Of the lines listed below, return exactly those that run from the line containing "Person in a" through the line containing "7'x10' Charcoal Grey", both included.
--- START ---
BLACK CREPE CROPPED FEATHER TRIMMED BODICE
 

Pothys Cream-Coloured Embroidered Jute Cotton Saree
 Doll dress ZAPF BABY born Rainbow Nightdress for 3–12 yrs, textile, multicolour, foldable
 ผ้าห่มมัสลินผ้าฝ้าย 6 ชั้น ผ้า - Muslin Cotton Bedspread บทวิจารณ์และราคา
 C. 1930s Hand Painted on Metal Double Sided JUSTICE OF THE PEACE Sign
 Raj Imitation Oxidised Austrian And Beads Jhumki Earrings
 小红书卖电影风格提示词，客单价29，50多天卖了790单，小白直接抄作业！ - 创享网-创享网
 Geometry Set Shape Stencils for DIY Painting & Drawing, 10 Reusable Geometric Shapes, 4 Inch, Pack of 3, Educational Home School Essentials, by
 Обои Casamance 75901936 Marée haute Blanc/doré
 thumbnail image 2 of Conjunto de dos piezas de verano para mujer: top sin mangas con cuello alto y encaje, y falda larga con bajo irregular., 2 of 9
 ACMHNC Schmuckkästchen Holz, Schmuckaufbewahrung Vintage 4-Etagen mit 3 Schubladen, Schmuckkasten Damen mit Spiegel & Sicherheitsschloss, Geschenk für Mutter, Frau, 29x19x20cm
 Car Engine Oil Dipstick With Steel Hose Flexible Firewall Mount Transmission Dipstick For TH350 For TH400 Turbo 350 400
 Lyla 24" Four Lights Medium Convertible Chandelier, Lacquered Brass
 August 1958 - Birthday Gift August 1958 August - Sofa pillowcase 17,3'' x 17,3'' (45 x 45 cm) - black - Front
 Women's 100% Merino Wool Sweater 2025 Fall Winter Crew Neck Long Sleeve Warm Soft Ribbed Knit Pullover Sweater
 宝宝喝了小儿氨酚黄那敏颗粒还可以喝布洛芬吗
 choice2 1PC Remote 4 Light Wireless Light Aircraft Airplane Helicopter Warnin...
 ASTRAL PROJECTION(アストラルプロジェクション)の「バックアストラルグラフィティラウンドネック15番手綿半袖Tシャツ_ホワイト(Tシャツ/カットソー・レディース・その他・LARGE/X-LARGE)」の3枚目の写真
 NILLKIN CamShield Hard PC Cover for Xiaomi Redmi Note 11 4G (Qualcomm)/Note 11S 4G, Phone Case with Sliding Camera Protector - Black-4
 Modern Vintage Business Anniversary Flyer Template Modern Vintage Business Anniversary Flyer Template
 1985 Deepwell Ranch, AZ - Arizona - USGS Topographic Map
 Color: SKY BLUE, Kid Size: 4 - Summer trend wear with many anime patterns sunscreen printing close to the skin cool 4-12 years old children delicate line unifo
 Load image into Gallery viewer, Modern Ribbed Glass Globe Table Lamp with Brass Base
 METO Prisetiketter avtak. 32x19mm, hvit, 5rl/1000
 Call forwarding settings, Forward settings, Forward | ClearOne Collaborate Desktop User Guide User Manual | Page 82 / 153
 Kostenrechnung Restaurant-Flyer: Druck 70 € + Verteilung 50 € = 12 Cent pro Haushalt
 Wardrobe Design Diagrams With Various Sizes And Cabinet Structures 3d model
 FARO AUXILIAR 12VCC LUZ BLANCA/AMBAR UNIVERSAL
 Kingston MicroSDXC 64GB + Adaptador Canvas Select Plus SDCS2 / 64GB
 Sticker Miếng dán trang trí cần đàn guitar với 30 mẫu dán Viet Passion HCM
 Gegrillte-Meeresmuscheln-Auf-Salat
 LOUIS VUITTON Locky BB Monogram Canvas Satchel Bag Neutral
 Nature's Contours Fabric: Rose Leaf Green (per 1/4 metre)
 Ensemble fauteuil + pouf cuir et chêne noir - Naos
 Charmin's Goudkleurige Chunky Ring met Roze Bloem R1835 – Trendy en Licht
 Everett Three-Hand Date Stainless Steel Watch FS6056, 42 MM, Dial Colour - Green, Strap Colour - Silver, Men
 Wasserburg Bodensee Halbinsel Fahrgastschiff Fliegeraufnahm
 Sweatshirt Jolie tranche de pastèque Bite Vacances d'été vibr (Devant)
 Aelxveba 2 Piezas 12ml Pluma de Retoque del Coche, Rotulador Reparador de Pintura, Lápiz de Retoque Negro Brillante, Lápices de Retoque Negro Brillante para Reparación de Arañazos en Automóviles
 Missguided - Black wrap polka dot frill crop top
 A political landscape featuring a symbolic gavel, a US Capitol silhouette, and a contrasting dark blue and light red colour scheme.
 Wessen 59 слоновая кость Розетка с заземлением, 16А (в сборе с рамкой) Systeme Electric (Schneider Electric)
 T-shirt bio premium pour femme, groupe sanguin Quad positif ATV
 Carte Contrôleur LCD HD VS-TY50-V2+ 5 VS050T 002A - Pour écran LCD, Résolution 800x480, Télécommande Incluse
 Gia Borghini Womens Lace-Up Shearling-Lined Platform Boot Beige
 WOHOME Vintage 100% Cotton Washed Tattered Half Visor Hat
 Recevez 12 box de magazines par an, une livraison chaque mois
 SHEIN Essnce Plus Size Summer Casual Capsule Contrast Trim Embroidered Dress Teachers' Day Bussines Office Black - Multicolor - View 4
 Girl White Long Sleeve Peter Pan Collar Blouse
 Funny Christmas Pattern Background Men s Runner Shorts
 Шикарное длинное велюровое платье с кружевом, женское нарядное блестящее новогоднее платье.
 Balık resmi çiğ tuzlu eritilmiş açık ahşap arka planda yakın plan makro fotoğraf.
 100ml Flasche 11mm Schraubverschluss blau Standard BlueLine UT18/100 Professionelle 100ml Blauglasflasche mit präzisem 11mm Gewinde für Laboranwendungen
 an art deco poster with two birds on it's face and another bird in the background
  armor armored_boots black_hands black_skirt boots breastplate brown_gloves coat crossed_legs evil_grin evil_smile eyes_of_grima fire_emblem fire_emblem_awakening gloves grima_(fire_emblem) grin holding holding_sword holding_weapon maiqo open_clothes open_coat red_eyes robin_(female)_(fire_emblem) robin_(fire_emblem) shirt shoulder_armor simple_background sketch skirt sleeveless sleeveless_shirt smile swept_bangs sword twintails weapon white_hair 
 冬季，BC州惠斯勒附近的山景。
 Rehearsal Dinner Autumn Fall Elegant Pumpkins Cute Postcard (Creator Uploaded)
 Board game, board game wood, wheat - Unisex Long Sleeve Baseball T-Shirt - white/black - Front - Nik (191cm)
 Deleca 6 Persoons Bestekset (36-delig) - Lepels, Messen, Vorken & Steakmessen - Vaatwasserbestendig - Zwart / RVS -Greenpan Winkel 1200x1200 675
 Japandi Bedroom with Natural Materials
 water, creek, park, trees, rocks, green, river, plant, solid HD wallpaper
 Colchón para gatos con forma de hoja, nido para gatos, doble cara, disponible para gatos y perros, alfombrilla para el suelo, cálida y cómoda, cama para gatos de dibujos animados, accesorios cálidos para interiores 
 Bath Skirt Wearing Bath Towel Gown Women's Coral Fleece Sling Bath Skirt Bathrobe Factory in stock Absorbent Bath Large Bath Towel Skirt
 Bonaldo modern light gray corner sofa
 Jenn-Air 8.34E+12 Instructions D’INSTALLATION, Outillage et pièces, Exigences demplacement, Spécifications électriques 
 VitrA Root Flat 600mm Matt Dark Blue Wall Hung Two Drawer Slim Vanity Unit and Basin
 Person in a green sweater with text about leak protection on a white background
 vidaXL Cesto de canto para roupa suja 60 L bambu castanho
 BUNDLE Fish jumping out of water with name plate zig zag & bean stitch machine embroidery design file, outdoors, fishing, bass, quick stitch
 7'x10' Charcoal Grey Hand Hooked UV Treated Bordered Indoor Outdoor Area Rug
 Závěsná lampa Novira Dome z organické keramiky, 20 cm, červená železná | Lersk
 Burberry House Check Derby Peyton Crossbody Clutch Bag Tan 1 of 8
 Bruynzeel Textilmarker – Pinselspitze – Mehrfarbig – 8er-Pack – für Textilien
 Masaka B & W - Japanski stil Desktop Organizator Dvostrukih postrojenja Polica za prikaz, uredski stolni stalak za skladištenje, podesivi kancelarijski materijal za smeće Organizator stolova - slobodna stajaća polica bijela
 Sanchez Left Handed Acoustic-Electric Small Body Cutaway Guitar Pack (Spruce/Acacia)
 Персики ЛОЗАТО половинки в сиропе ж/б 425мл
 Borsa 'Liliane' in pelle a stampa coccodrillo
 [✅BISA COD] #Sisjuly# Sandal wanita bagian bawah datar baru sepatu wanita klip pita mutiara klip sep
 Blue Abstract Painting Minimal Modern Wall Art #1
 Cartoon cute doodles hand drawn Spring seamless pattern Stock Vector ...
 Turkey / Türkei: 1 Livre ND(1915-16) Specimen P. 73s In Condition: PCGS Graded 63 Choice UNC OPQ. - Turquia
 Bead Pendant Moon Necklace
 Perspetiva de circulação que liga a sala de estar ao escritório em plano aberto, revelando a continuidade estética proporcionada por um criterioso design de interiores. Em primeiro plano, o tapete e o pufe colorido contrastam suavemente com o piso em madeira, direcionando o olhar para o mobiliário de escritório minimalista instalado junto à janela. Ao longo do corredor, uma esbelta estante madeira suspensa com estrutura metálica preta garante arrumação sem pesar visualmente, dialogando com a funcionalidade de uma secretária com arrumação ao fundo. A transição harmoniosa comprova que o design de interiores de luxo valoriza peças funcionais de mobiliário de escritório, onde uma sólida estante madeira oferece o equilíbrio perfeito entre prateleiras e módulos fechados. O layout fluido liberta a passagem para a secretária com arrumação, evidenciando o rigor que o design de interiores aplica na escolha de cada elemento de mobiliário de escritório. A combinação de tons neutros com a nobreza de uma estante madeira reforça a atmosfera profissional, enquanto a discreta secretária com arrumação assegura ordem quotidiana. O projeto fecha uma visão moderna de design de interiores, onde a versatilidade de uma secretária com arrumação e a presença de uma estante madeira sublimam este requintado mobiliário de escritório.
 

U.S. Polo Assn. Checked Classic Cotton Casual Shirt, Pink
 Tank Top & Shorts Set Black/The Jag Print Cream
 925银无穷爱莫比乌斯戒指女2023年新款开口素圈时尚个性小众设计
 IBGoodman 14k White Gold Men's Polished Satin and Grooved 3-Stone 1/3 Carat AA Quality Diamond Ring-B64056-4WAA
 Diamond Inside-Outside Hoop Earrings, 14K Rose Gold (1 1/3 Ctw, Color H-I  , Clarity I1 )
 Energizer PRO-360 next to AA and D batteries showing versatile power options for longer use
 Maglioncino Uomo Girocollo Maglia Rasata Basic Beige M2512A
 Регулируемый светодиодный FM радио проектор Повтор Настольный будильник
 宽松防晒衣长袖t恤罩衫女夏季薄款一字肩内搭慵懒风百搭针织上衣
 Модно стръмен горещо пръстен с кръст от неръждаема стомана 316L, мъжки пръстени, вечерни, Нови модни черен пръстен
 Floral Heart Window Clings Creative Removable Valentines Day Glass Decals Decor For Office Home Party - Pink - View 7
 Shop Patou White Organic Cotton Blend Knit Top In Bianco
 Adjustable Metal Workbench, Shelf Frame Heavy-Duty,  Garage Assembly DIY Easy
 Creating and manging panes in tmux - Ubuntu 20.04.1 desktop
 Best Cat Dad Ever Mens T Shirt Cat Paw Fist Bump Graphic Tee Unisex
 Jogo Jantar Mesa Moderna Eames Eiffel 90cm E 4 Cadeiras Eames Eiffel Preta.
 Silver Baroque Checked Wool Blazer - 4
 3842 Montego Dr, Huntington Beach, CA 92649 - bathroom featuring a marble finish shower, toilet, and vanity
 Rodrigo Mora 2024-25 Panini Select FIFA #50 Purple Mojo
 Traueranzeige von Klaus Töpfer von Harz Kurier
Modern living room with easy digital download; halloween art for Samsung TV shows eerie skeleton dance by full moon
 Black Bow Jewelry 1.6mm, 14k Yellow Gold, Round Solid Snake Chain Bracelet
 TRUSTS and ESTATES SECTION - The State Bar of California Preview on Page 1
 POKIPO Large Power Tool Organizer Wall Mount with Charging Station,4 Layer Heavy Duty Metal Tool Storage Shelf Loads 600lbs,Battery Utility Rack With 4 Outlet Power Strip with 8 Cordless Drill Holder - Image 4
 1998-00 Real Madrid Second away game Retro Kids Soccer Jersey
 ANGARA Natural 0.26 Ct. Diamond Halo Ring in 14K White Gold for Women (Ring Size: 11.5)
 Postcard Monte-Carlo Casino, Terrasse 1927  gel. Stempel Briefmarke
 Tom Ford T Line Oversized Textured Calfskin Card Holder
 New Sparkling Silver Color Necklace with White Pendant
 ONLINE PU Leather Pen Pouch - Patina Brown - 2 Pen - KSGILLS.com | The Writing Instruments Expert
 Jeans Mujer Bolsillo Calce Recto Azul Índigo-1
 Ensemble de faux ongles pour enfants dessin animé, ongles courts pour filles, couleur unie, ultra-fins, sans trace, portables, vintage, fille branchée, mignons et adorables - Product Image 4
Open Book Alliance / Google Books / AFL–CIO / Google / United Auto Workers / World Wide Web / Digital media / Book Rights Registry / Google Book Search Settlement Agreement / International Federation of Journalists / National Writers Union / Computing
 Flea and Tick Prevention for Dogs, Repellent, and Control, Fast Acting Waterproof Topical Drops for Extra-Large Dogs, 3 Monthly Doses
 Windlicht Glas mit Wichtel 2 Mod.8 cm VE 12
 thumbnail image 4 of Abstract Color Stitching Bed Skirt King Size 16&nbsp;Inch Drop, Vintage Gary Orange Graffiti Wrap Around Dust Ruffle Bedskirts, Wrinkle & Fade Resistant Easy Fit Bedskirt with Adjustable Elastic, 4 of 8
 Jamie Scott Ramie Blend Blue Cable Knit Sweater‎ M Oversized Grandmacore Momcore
--- END ---
Answer to this exercise:
 Person in a green sweater with text about leak protection on a white background
 vidaXL Cesto de canto para roupa suja 60 L bambu castanho
 BUNDLE Fish jumping out of water with name plate zig zag & bean stitch machine embroidery design file, outdoors, fishing, bass, quick stitch
 7'x10' Charcoal Grey Hand Hooked UV Treated Bordered Indoor Outdoor Area Rug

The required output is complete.